A recent example is at Springfield College in Massachusetts. Following the lead of Boston University, the school reportedly provided students with guidance on inclusive language that discourages them from using the terms "father" and "mother" in favor of the genderless word "parents."

According to Campus Reform, this has also happened at the University of Kansas, the University of Wisconsin-Madison, and the University of Massachusetts-Amherst.

Ellwanger, Adam (univ prof) Ellwanger

"The universities have been given over to a form of Left ideology that favors inclusion and diversity above all things," comments Dr. Adam Ellwanger of Campus Reform. "There're some feelings that perhaps the traditional family structure excludes or marginalizes other forms of families. As an English professor, I could say that language dictates what we can think; controlling language is a way to control what people think."

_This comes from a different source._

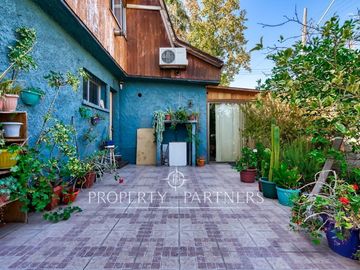Amplia casa en venta en La Reina cercano a metro  Fernando Castillo Velasco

He reasons that if they can neutralize the idea that fathers and mothers contribute particular things to children and families, then they can normalize these alternative family structures that they feel are being excluded.

He is not the only professor who is concerned about such language guides and related efforts on campuses, but as Dr. Ellwanger accounts, those who have misgivings about these trends, about controlling language, speak about it "very quietly." Most are "happy" to go along with it because they are convinced there are some "pretty strong incentives not to voice criticism" of the diversity, equity, and inclusion social justice platform that the universities have embraced.

He believes everyone, whether they have children in college or children at all, should be concerned about this.

"Some of the social pathologies that we're all dealing with as a society are more likely to emerge from contexts where parents or where children don't have a father or a mother," Dr. Ellwanger notes. "So, I think it's important that universities celebrate these roles and stop perpetuating false ideas about child rearing and family formation."